To make a breadboard, an array of these clips is embedded in a plastic block which holds them in place and insulates them from each other, like this:
Depending on the size and arrangement of the clips, we get either a socket strip or a bus strip. The socket strip is used for connecting components together. It has two rows of short (5 contact) clips arranged one above another, like this:
The bus strip is used to distribute power and ground voltages through the circuit. It has four long clips arranged lengthwise, like this:
Note that in their infinite wisdom, the manufacturer elected not to join the adjacent contact strips into a single full-length contact strip. If this is what you want, you will have to bridge the central gap yourself.

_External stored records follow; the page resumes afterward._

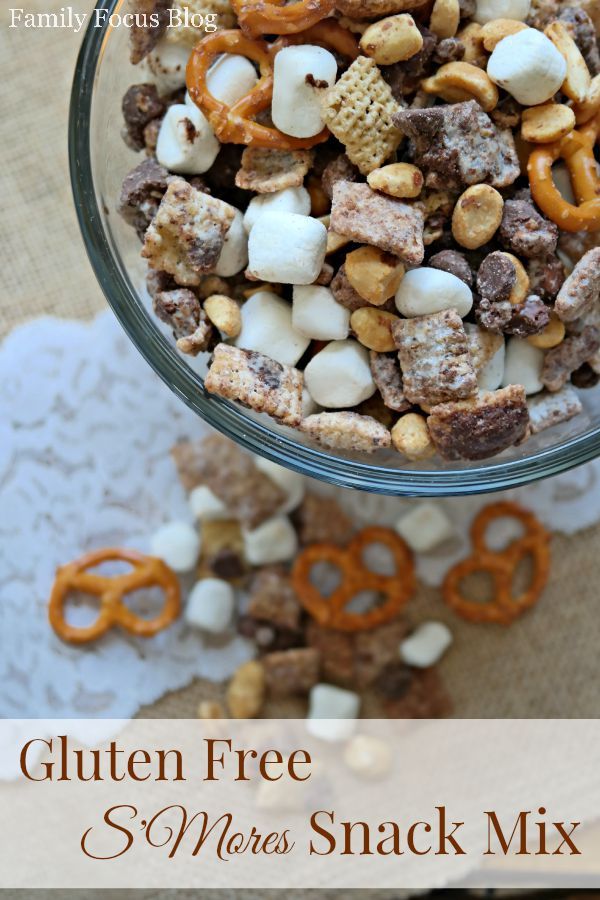 a glass bowl filled with cereal and pretzels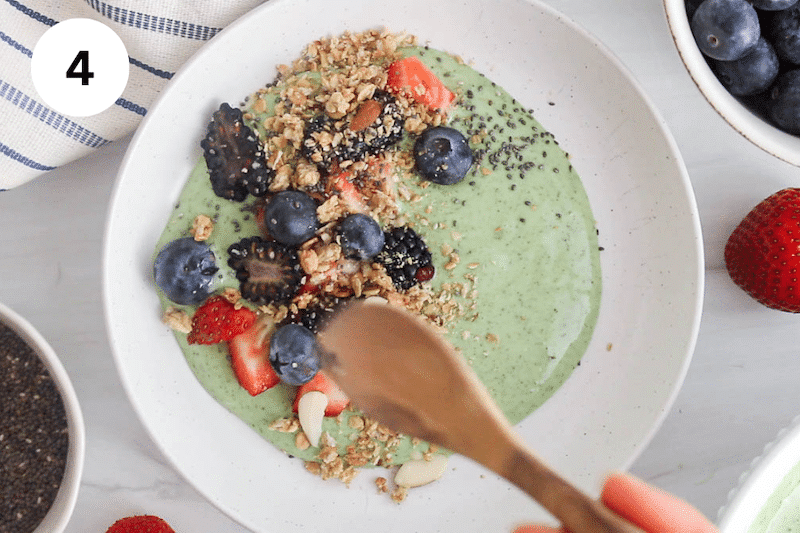 A small spoon sprinkling chia seeds over a bowl with yogurt.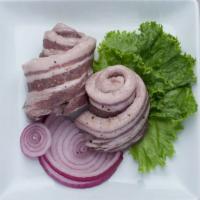 Red Wine Samgyupsal · Red wine pork belly. Contains raw meat.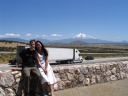 A messed-up-hair Mark, Di Yin, Mount Shasta, and truck.
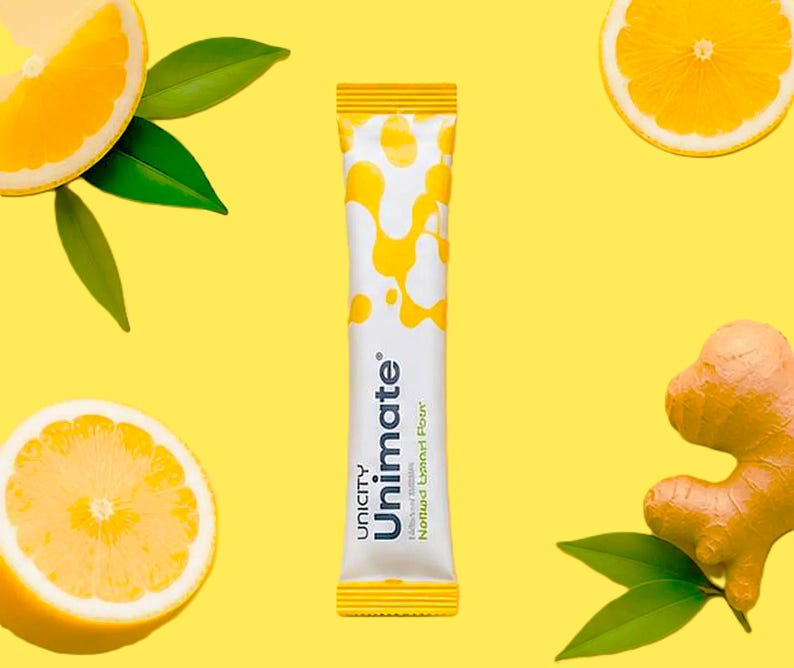 K&ouml;nnte beinhalten: Ein wei&szlig;es Unimate-P&auml;ckchen mit gelben Mustern und dem Text "Unicity Unimate Nootropic Lemon Flavor" auf gelbem Hintergrund. Zitronenscheiben, gr&uuml;ne Bl&auml;tter und ein St&uuml;ck Ingwer sind ebenfalls vorhanden.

When we combine two socket strips, three bus strips, and three binding posts on a plastic base, we get the breadboard:
In this picture we have replaced the plastic covers, hiding the connections
The breadboard lets us connect components together and by wiring the bus strips to the binding posts and the binding posts to the power supply, to connect the power supply to the circuit. Now what we need is a way to bring connections from the rest of the instruments into the breadboard.
Organizing Your Breadboard
The first few Labs are something of a "warm up" in terms of utilizing the breadboard. We will use only one or two of the components at first and will build circuits consisting of more components near the end of lab sessions. As we get closer to the final lab, we will be constructing more complicated circuits having more external connections.

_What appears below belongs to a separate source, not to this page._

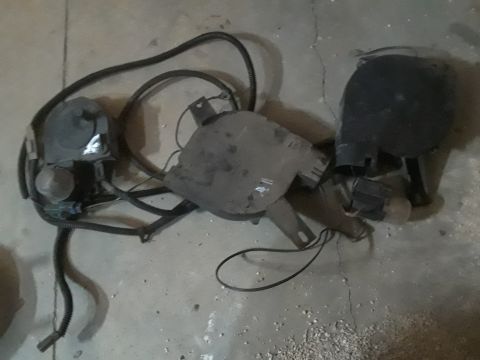 1994 Ford Bronco - A set of black automotive parts, likely from a 1994 Ford Bronco, are laid out on a concrete floor. The parts include a large black plastic…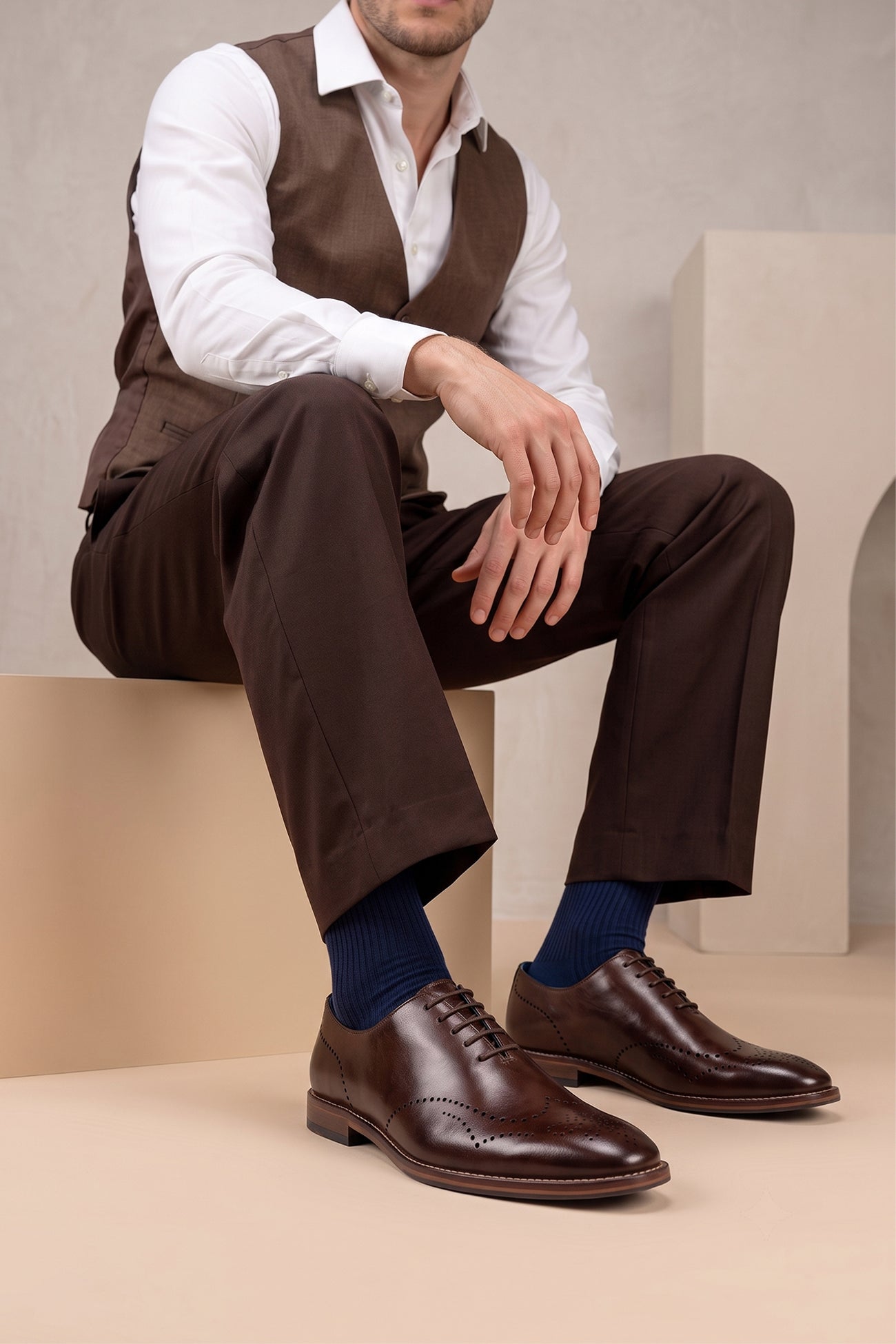 Man wearing Oswin Hyde London premium Oakley brown leather wingtip brogues with a toe medallion pattern, contrast welt stitching, and a cushioned teal interior.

To keep the boards from degenerating into chaos, we need to organize the layout and wiring on the breadboard.
There are several aspects to this organization ranging from small details to the big picture.
Colour Coding
The wire reels contain an assortment of different coloured wires. You could just pick pieces of wire at random, or you could try to use the different colours to designate different signals. There aren’t enough colours for every signal, but you can use different colours to denote different classes of signals.
One set of signals you should colour code are power and ground. In particular, you should have a different colour for +15 V, -15 V, and ground and you should not use any of these colours for other signals. It would be nice to use "standard" colours for these, but unfortunately there are several competing standards. One colour that nearly everyone agrees on is that red should be the positive power supply voltage. Most automotive and electronic wiring uses black to denote ground. Electronic wiring which uses black for ground often uses blue for the negative supply.
An example of colour coding the wires on your breadboard:
Real World Problems
On paper all our components are ideal and no components exist where we don't draw them. In an actual circuit, things are not quite so tidy, wires have non zero resistance and inductance, sources have output resistance, parasitic capacitances and mutual inductances exist between wires, and a host of other gremlins. In addition, although we are only applying input signals from Hz to MHz, the active devices (op amps and transistors) we use have gains at frequencies up to a few MHz or 100s of MHz. This means that all of the pieces of wire can become fairly effective aerials, radiating energy to (and receiving from) the rest of the world, and more significantly, to other parts of the circuit.
What all this means is that a circuit which is wired correctly may fail to function as expected. Although we can't eliminate all of these effects, we can do some things to minimize them.
Layout
Try to arrange your layout so that each function is grouped together in a single area of the board and so that stages that are connected together are close to each other. This will allow connections to be made with shorter wires. Also try to avoid having high level signals near low level stages.
A Twist on Wire
One way to reduce unwanted coupling between different signals in your circuit is to use twisted pairs, i.e. a pair of wires twisted together. This can reduce the wire acting as a aerial picking up unwanted noise and signals, from within and external to your circuit.
Routing
Twisted pair or not, try to keep wires carrying high level signals (large voltages, currents or high frequencies) away from those carrying low level signals. Keep outputs away from inputs, especially in sub-circuit. It's better for wires to cross at right angles than to run parallel to each other.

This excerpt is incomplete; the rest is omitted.